In their new book entitled Witnesses of Jehovah, Leonard and
Marjorie Chretien give us new information on just who John
Thompson was. They quote The American Quarterly Review of
September, 1830. Here we read Thompson saying, "I shall
rejoice in having been the happy instrument, in the hand of God,
of having done fourfold as much for mankind, as all the professed
commentators of the last fifteen centuries!" Aside from a
lack of humility, it seems Thompson was "moved about by
every wind of doctrine" as well, moving from being a
Calvinist to an Arminian Methodist preacher, to being a
Restorationist, then on to an Arian Restorationist, until finally
being a Unitarian Universalist (should sound familiar by now!)
The Chretiens also record that Thompson admits to having
exper-iences with - yup, you guessed it - spirit beings who
instruct him to "be careful to represent Jesus as only the
instrument of God in all he does." The reader is directed to
the Chretiens' book for further details.
With the exposure of the nature of Greber's work, the Society
was left with a dwindling list of translations to help bolster
their rendering of the last clause of John 1.1. So, they looked
to the Germans to help them out, and came up with three
translations dated 1975, 1978, and 1979.
The first is that of Siegfried Schulz, entitled Das
Evangelium nach Johannes (all three translations have the same
title). The Society translates Schulz's version into English
thus: "and a god (or, of a divine kind) was the Word."
The second is that of Johannes Schneider. They render Schneider,
"and godlike sort was the Logos." Finally they cite the
translation of Jurgen Becker, which they give as "and a god
was the Logos."
These new translations were included in the 1984 Reference
Edition of the NWT, in Appendix 6A. They have since been cited in
various Watchtower articles.
When I first saw these citations, I was struck by the irony
of the situation. Here, to attempt to bolster an obviously flawed
translation, the Society has to go to another language to come up
with some support! The next thing into my mind was, "does
the Society know much about the philosophy and world-view of
modern German biblical scholars?" That was immediately
followed by the thought, "if they did, would they care that
these men probably approach the Bible from a completely different
perspective than they themselves proclaim to be the absolute
truth?" I knew then that someone would have to track these
translations down and get information on them. One must always
check out the Society's quotations of scholars - the writers of
the Watchtower are experts at making scholars say the opposite of
what they meant.
As time went by I saw nothing being published regarding these
men or their translations. So, I finally decided to try to get
some information myself. I wrote to Dr. Keith Parks, who heads up
the missions work for the Southern Baptist Convention in Europe.

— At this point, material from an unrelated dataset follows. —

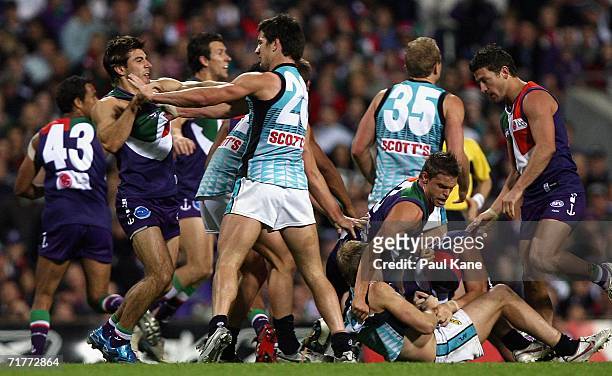 Dockers and Power players wrestle during the round 22 AFL match between the Fremantle Dockers and the Port Adelaide Power at Subiaco Oval September...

Dr. Parks kindly referred my letter to Dr. Wiard Popkes of
Theologisches Seminar des Bundes Evanglisch-Freikirchlicher
Gemeinden in Deutschland. Dr. Popkes responded very quickly to my
request for information. He copied the actual translations for
me, as well as the accompanying commentary.

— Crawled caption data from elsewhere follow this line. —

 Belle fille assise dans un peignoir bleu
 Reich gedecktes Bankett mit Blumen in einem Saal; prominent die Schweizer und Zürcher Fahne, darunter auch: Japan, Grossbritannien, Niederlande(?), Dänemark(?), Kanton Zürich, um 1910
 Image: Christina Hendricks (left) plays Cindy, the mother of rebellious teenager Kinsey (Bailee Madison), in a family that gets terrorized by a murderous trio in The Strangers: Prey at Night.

In a letter dated April 6, 1988, Dr. Popkes wrote, "My
impression is that all of the scholars want to work out the same
points, i.e., that the Word is of divine quality, although John
has to state in this context the non-identity of father and son.

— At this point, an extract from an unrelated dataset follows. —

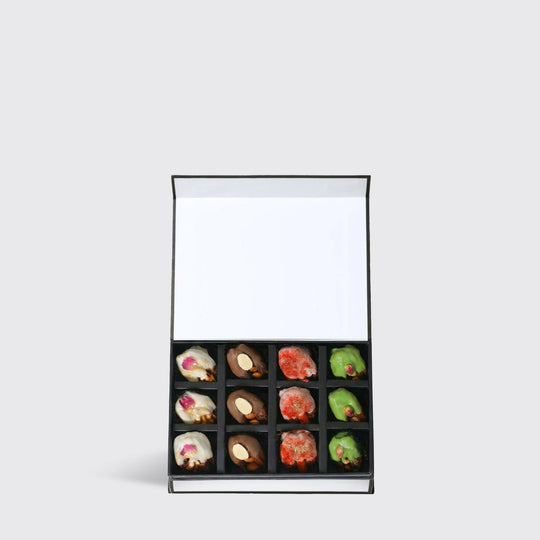 Stuffed dates dipped in Chocolate (12Pcs) - BLACK AND BLANC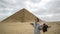 Asian tourist travel to Egypt Red Pyramid in saqqara architecture dream trip destination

The commentary says more about the ideas of the authors than the
bare translation does." (Personal letter from Dr. Wiard
Popkes to James White)
Dr. Popkes also gave me information on the authors
themselves: "Johannes Schneider was a Baptist, teaching at
the University in Berlin. He died around 1970. Siegfried Schulz
and Jurgen Becker are both professors of New Testament, now in
their later fifties, Schulz at the University of Zurich, Becker
at the University of Kiel. Both of them belong to what can be
called the main stream of German NT research, and certainly both
of them owe much to Rudolf Bultmann. This does not mean, however,
that their interpretations of John's prologue simply follow that
of Bultmann. Rather, in the years after Bultmann much new
research has been devoted to this very passage of
Scripture."
Before looking at the specific renderings given by these
authors, a few things should be pointed out. First, Jehovah's
Witnesses are experts at quoting individuals that come from
completely different perspectives and world-views in such as way
as to make it sound as if they (the person being quoted) support
or lend credence to the Watchtower's teachings. This is clearly
seen here. None of these scholars are classically Arian in their
theology. Dr. Schneider was a Baptist. The other two men, as Dr.
Popkes indicates, would come from a stream of biblical studies
that is far removed from the Witnesses' own views on inspiration
and the nature of Scripture. Anyone familiar with Rudolf Bultmann
and his ideas knows what I am talking about. As far as their view
of the Bible goes, the Witnesses would be to the extreme right of
these men. Bultmann emphasized the need to
"de-mythologize" the Bible; that is, take out all that
supernatural silliness and you might have a chance to get back to
the real historical Jesus. The German schools are still stuck in
the rut of naturalistic biblical criticism, and two of the
translations the Witnesses cite come straight from that
perspective.
Secondly, these men are trying to emphasize a very different
point than the Witnesses are making. These men are
differ-entiating between the Father and the Son in John 1.1, as
well they should. But the average Witness would not be aware of
this, for they have been given false information as to just what
the doctrine of the Trinity is. They feel that the Trinity
presents the Father and Son as being one person. This is not
Trinitarianism, but rather modalism, an ancient heresy that was
sometimes called Sabellianism. These German scholars are trying
to emphasize the separate existence of the Logos as a personal
entity. While we understand this, it does seem that they have
gone too far in trying to accomplish their goal.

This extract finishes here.